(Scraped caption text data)
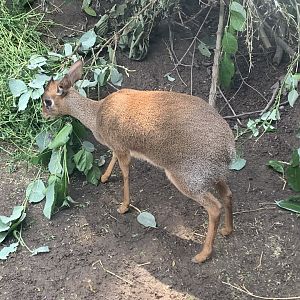 Kirk's dik-dik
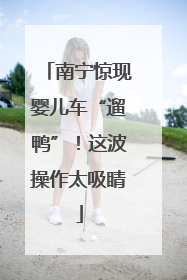 南宁惊现婴儿车“遛鸭”！这波操作太吸睛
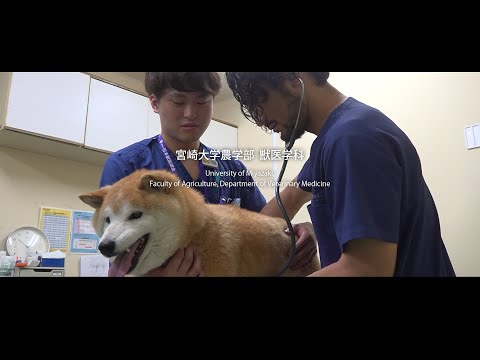 宮崎大学で学ぶ「獣医学」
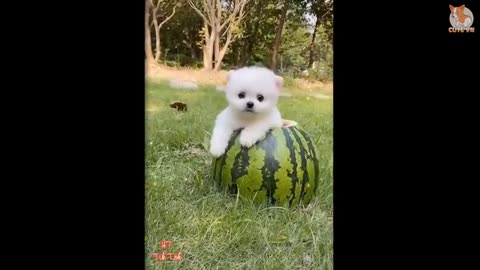 BABY DOGS CUTE AND FUNNY PUPPIES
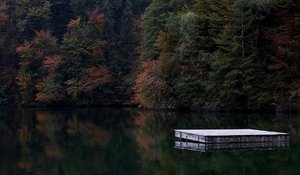 comp_DSC04771 (3).jpg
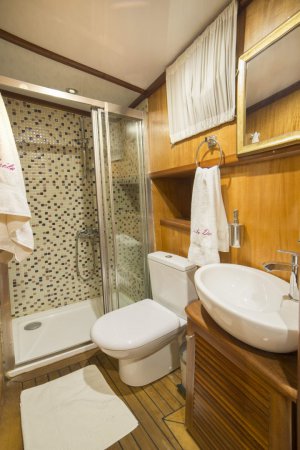 LAILA DENIZ Gulet Available for Charter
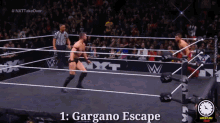 Johnny Gargano Johnny Wrestling GIF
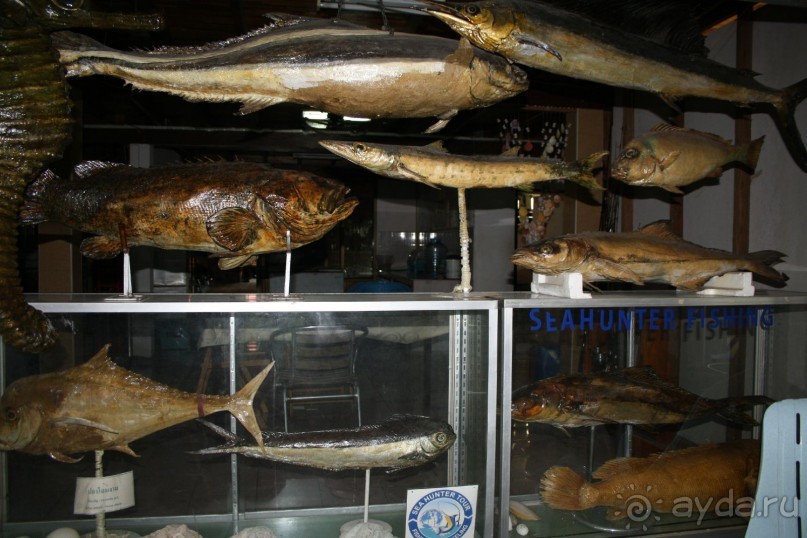 Из Сибири в "Вечное лето"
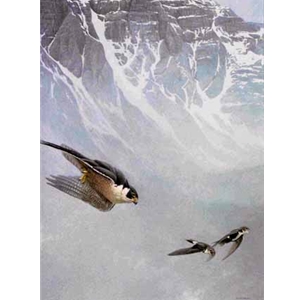 Peregrine Falcon and White-Throated Swifts by Robert Bateman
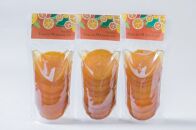 【ギフト用】＜特産品コンクール優秀賞受賞＞屋久島たんかんスライスママレード３個セット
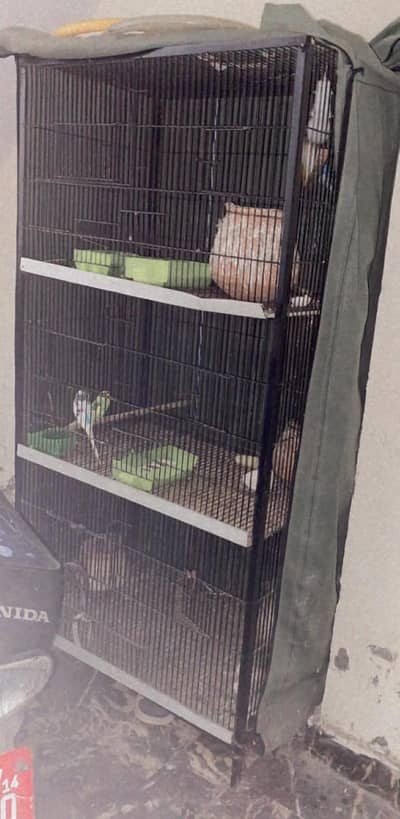 parrot cage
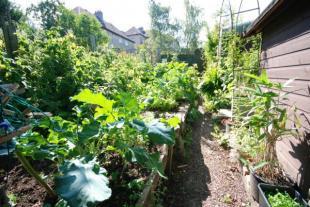 Vegetable Garden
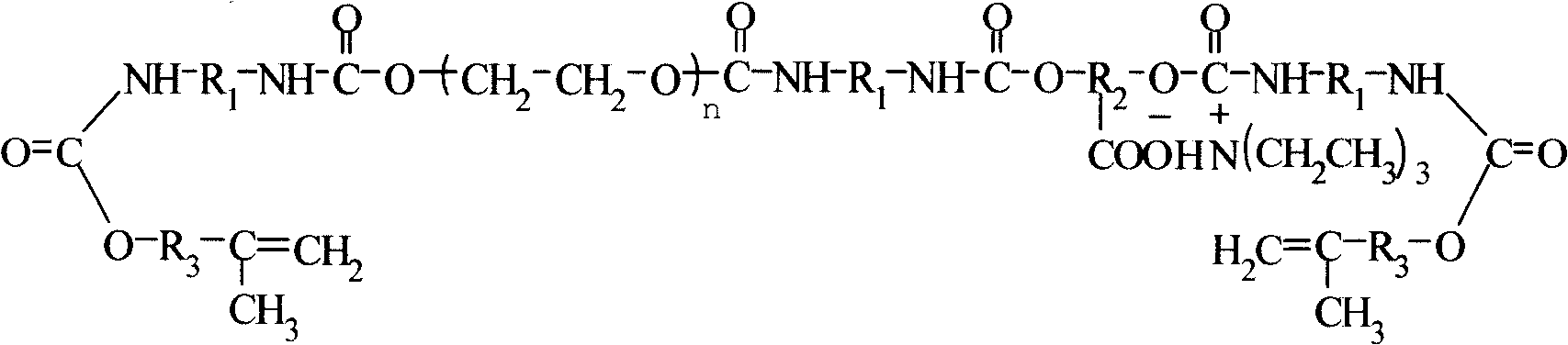 Ultraviolet light solidfication water polyurethane acrylate paint resin and its preparation method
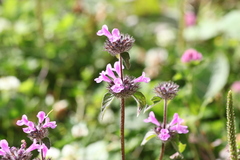Clinopodium caucasicum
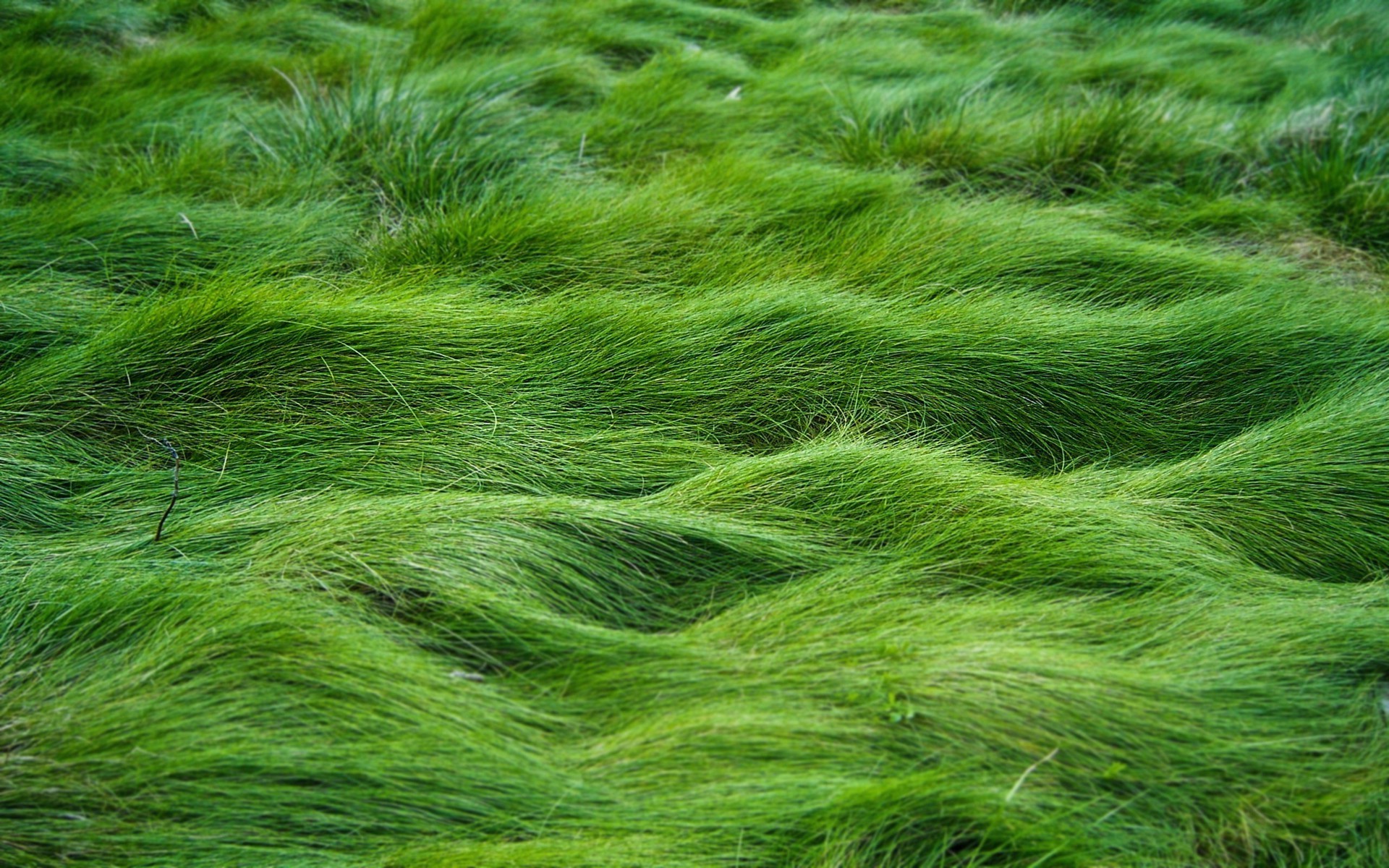 grass, Green Wallpaper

## What this task involves
What is needed is an exact copy of every entry, with the pictures removed.

## Written response
 Kirk's dik-dik
 南宁惊现婴儿车“遛鸭”！这波操作太吸睛
 宮崎大学で学ぶ「獣医学」
 BABY DOGS CUTE AND FUNNY PUPPIES
 comp_DSC04771 (3).jpg
 LAILA DENIZ Gulet Available for Charter
 Johnny Gargano Johnny Wrestling GIF
 Из Сибири в "Вечное лето"
 Peregrine Falcon and White-Throated Swifts by Robert Bateman
 【ギフト用】＜特産品コンクール優秀賞受賞＞屋久島たんかんスライスママレード３個セット
 parrot cage
 Vegetable Garden
 Ultraviolet light solidfication water polyurethane acrylate paint resin and its preparation method
Clinopodium caucasicum
 grass, Green Wallpaper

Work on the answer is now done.